Pemuda-mahasiswa dengan segenap
kesadaran majunya, dengan seluruh keahlian akademik dan kemampuan praktisnya,
harus terus meningkatkan semangat dan pengabdiannya terhadap rakyat, baik dalam
upaya menyelesaikan berbagai persoalan sosial ekonominya maupun dalam upaya
meningkatkan kesadaran rakyat untuk bangkit dan berjuang bersama untuk
mewujudkan kebebasan dan kemerdekaan yang sejatinya.
Hidup Pemuda Indonesia!
Hidup Rakyat Indonesia!
Jayalah Perjuangan Rakyat!
[1] Ketika itu, pemerintah
kolonial Belanda menerapkan kebijakan Poltik Etis yang memberikan kesempatan
kepada kalangan pribumi—terutama kalangang priyayi—untuk mengenyam pendidikan hingga
perguruan tinggi.
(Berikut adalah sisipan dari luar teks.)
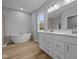 Elegant bathroom featuring double vanity, soaking tub, and light tile accents at 1114 Ridgevine Rd, Greenwood, IN 46143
Hal ini ditujukan untuk mendapatkan tenaga administrative
yang akan mengisi pos-pos pemerintahan colonial, tenaga administrative di
pabrik-pabrik milik pemerintah colonial.
[2] Fase ini dikenal dengan fase
kabangkitan nasional atau pergerakkan nasional, karena tumbuh dan berkembangnya
kesadaran yang kian meluas dari masyarakat Indonesia untuk menjadi bangsa yang
merdeka dan, maraknya pergerakan politik di mana-mana melawan kolonial Belanda.